- _Assignment_:
Give back, word for word, the lines in the listing below from the one holding "बलम्वु दे:पखामा पुन: नापी" down to the one holding "101 1st Ave", both ends included.

- _Data extracts_:
*****

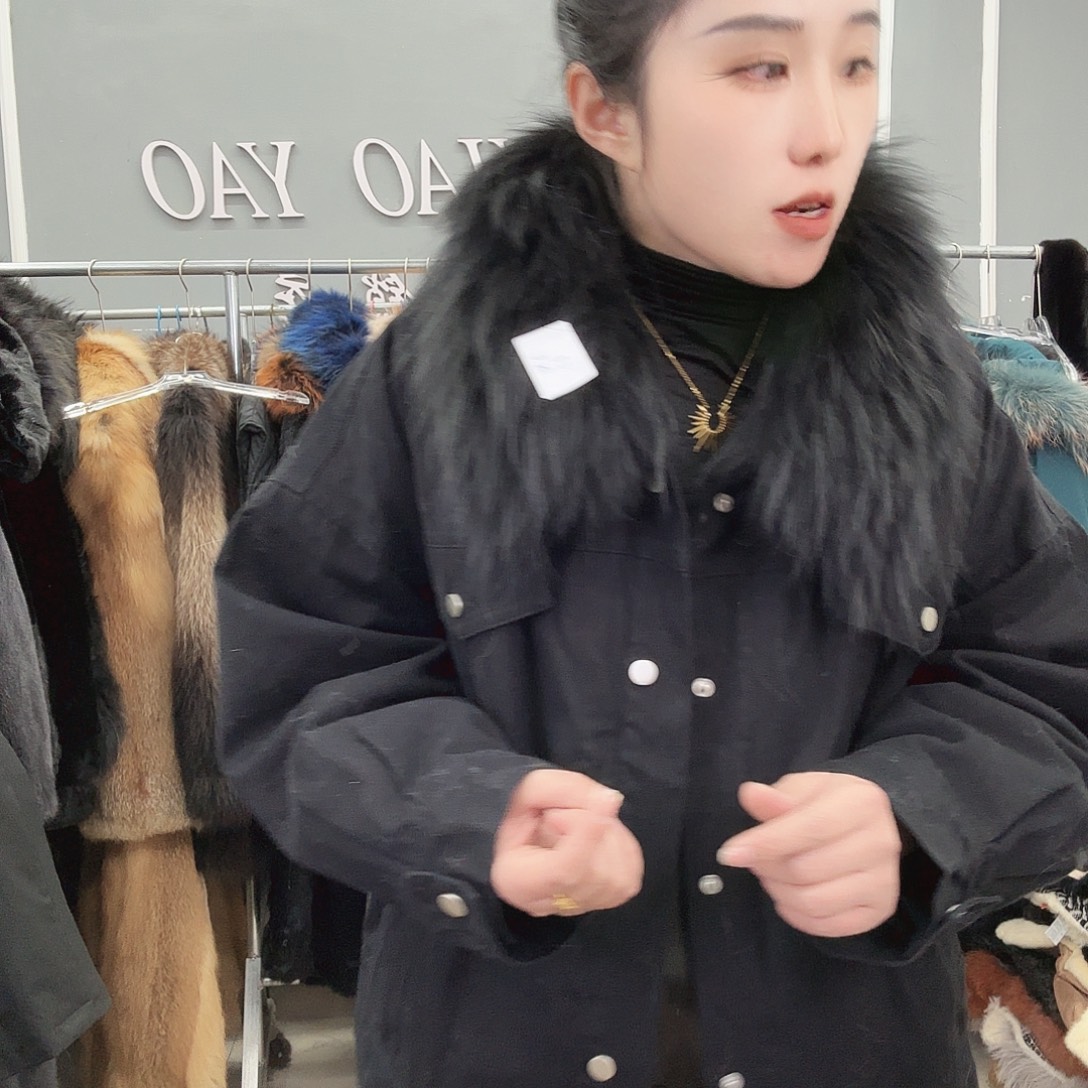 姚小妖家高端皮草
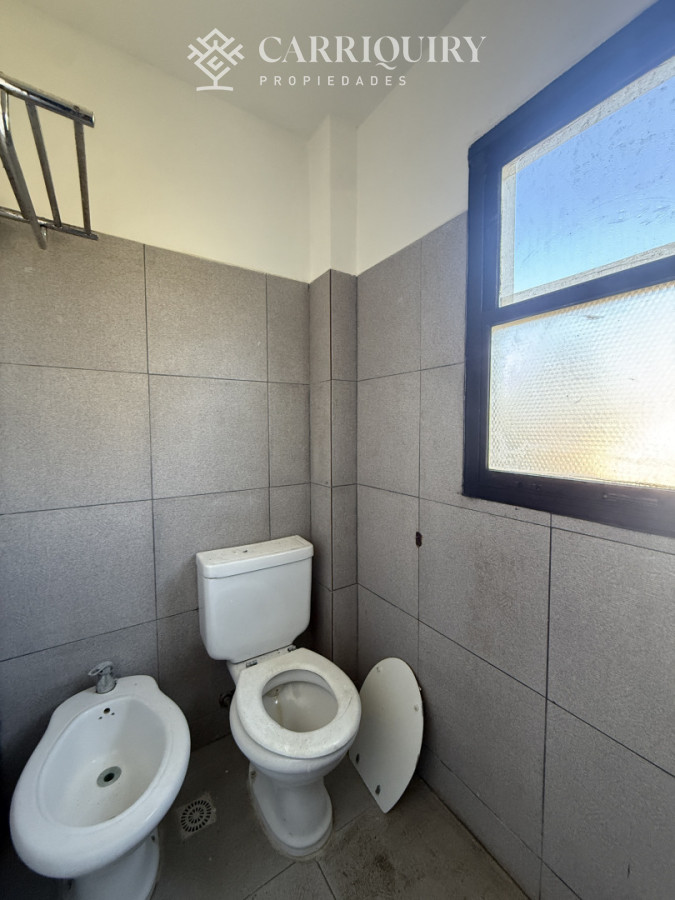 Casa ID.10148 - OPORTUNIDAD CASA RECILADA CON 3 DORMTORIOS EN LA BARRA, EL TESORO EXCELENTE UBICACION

*****

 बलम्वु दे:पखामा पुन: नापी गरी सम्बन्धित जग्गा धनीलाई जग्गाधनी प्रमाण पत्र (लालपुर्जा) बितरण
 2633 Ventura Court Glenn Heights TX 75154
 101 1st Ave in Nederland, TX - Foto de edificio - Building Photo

*****

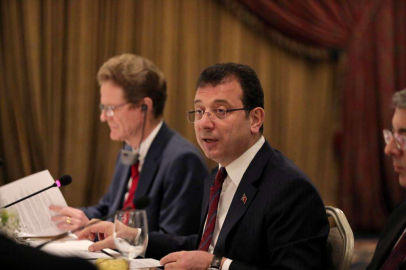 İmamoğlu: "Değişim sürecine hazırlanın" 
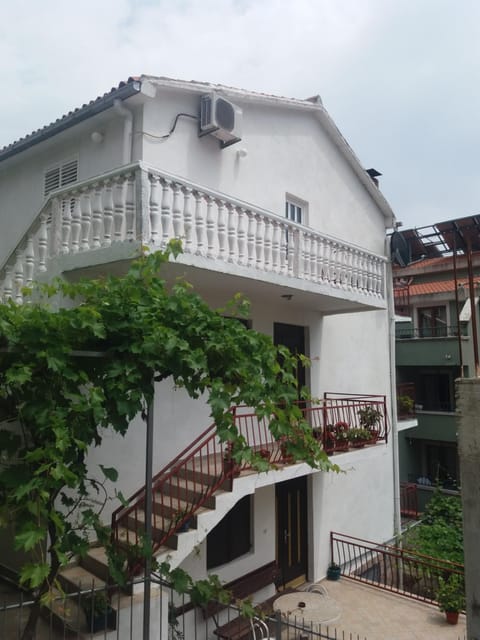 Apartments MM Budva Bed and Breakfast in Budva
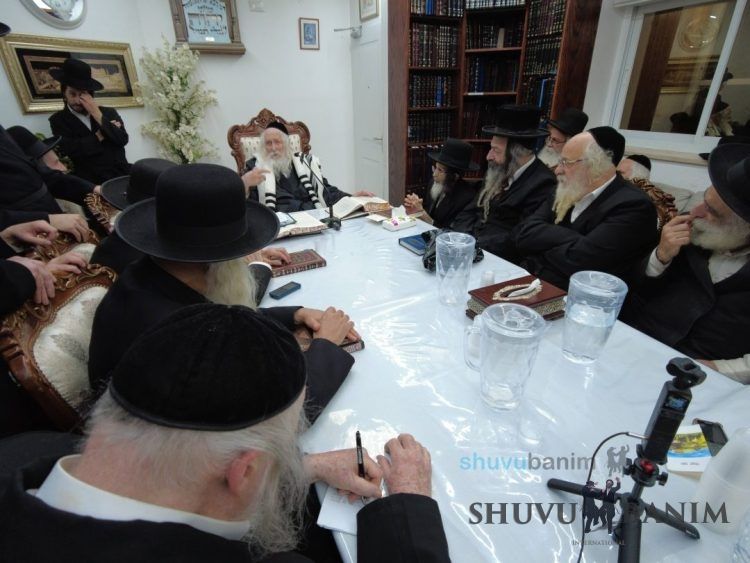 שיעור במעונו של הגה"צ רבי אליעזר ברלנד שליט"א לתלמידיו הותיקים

*****

- _Finished task_:
 बलम्वु दे:पखामा पुन: नापी गरी सम्बन्धित जग्गा धनीलाई जग्गाधनी प्रमाण पत्र (लालपुर्जा) बितरण
 2633 Ventura Court Glenn Heights TX 75154
 101 1st Ave in Nederland, TX - Foto de edificio - Building Photo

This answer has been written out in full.